Wielu samozatrudnionych w Polsce opłaca najniższe składki na obowiązkowe ubezpieczenie społeczne – zauważa piątkowa „Gazeta Wyborcza”.
Minimalna podstawa wymiaru składek wynosi 60 proc. średniej pensji. W konsekwencji ich emerytury będą bardzo niskie, często na poziomi emerytury minimalnej.
Już dziś przeciętna emerytura przedsiębiorcy jest o 18 proc. niższa od tej wypłacanej z ZUS.

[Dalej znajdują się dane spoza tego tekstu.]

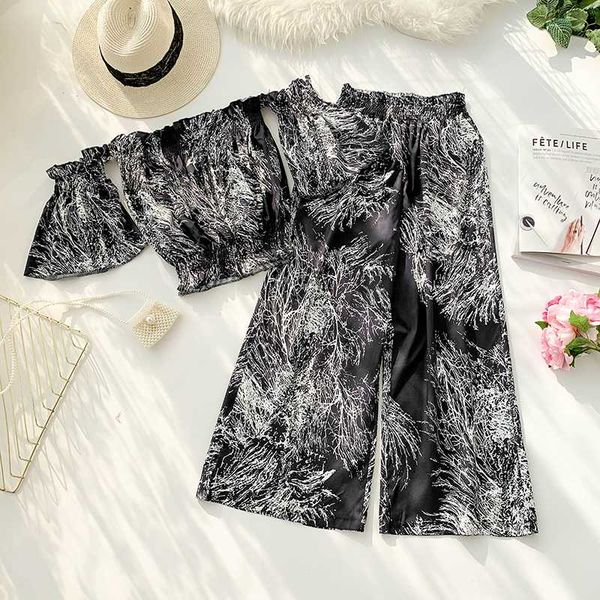

women's two piece pants summer women vintage printed chiffon suits womans slash neck + loose wide leg beach 2 pcs sets twinset, White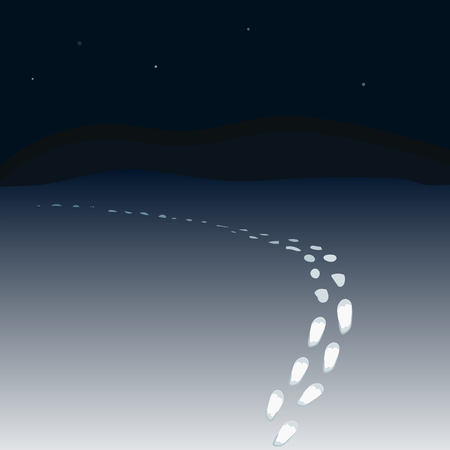 footprints in the snowのイラスト素材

- Jeśli samozatrudnieni ograniczą się wyłącznie do płacenia obowiązkowych składek, ich emerytury w przyszłości będą na poziomie zbliżonym do minimalnych świadczeń – mówi na łamach „Gazety Wyborczej” Łukasz Kozłowski, ekonomista w Federacji Przedsiębiorców.
Samozatrudnieni nie skorzystają z PPK, bo ich istotą jest współudział pracownika i pracodawcy w budowaniu długoterminowych oszczędności. W przypadku przedsiębiorców wpłaty musiałyby być realizowane wyłącznie przez nich samych.
Rozwiązaniem jest większy limit wpłat na indywidualne konta zabezpieczenia emerytalnego (IKZE). Limit wyniesie 1,8 –krotność przeciętnego prognozowanego wynagrodzenia brutto ustalonego w projekcie ustawy budżetowej i będzie obowiązywać od 1 stycznia 2021 r.
Czy to rozwiąże problem głodowych emerytur samozatrudnionych?
- W przypadku osób oszczędzających kilkadziesiąt lat – tak, ale w przypadku samozatrudnionych o perspektywie kilku czy kilkunastu lat do emerytury kwota kilkudziesięciu tysięcy złotych może nie wystarczyć – ocenia Marcin Wojewódka, wiceprezes Instytutu Emerytalnego.
Niskie składki emerytalne samozatrudnionych mają też drugie dno. Rząd podnosi emerytury minimalne, zwiększając dopłaty do systemu. Wpłaty do IKZE, podobnie jak do PPK zwiększają dochody samozatrudnionych ale nie będą uwzględniane w wyliczeniach ZUS.
- Jeśli ze składek wpłacanych do ZUS będzie wynikała emerytura w wysokości 700 zł, to nawet jeśli taka osoba za sprawą IKZE lub PPK będzie miała dodatkowe 600 zł, to ZUS tego nie uwzględni i podniesie emeryturę do emerytury minimalnej – tłumaczy na łamach „GW” Aleksander Łaszek, ekonomista Forum Obywatelskiego Rozwoju.